Check Point Research has discovered new attacks targeting cryptocurrency users in Ethiopia, Nigeria, India and 93 other countries. The cybercriminals behind the attacks are using a variant of the Phorpiex botnet — which Check Point called “Twizt” — to steal cryptocurrency through a process called “crypto clipping.” 

Because of the length of wallet addresses, most systems copy a wallet address and allow you to simply paste it in during transactions.
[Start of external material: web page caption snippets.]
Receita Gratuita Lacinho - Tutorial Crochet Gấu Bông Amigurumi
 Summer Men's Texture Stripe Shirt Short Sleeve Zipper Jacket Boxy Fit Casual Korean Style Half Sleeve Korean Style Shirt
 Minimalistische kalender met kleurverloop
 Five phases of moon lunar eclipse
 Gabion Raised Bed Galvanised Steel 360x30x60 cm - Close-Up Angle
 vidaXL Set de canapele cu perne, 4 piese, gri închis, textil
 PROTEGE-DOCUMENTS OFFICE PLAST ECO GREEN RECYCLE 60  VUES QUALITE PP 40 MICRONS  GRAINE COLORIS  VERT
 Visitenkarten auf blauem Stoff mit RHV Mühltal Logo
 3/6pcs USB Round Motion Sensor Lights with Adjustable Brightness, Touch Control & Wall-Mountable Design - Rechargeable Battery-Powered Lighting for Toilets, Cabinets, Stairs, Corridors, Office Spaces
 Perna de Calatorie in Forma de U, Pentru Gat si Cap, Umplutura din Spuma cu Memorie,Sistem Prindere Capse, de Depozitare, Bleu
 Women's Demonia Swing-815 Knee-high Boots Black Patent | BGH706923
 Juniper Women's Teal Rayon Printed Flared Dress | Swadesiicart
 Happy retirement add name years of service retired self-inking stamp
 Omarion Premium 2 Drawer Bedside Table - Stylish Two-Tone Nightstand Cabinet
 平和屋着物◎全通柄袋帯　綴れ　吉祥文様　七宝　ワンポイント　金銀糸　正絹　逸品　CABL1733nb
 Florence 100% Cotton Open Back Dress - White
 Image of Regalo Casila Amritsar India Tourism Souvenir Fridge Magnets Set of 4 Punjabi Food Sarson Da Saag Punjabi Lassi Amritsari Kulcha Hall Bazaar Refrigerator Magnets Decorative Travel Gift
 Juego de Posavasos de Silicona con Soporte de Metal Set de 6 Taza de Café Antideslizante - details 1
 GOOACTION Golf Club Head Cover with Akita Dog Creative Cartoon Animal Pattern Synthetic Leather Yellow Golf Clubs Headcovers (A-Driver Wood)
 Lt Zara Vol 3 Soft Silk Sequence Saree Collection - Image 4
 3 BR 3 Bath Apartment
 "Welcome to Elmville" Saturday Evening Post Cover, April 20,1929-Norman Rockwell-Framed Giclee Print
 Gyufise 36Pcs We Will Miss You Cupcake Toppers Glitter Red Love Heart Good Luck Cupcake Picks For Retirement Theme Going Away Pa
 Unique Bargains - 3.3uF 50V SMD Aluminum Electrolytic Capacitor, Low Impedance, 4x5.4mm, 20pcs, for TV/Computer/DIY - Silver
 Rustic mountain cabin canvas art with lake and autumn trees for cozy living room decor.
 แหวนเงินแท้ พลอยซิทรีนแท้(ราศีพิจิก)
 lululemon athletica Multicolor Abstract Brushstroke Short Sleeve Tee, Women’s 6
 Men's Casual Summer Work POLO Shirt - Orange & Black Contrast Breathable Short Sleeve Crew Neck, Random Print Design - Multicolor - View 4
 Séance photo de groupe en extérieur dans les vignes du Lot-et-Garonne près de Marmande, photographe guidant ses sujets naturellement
With Twizt, cybercriminals have been able to substitute the intended wallet address with the threat actor’s wallet address. 

Researchers with Check Point said they have seen 969 transactions intercepted, noting that Twizt “can operate without active command and control servers, enabling it to evade security mechanisms,” meaning each computer that it infects can widen the botnet.

In the last year, they have seen 3.64 Bitcoin, 55.87 Ether, and $55,000 in ERC20 tokens stolen by Twizt operators, amounting to about $500,000. In one instance alone, 26 ETG was taken. Between April 2016 to November 2021, Phorpiex bots hijacked about 3,000 transactions worth nearly 38 Bitcoin and 133 Ether. The cybersecurity company noted that this was only a portion of the attacks taking place.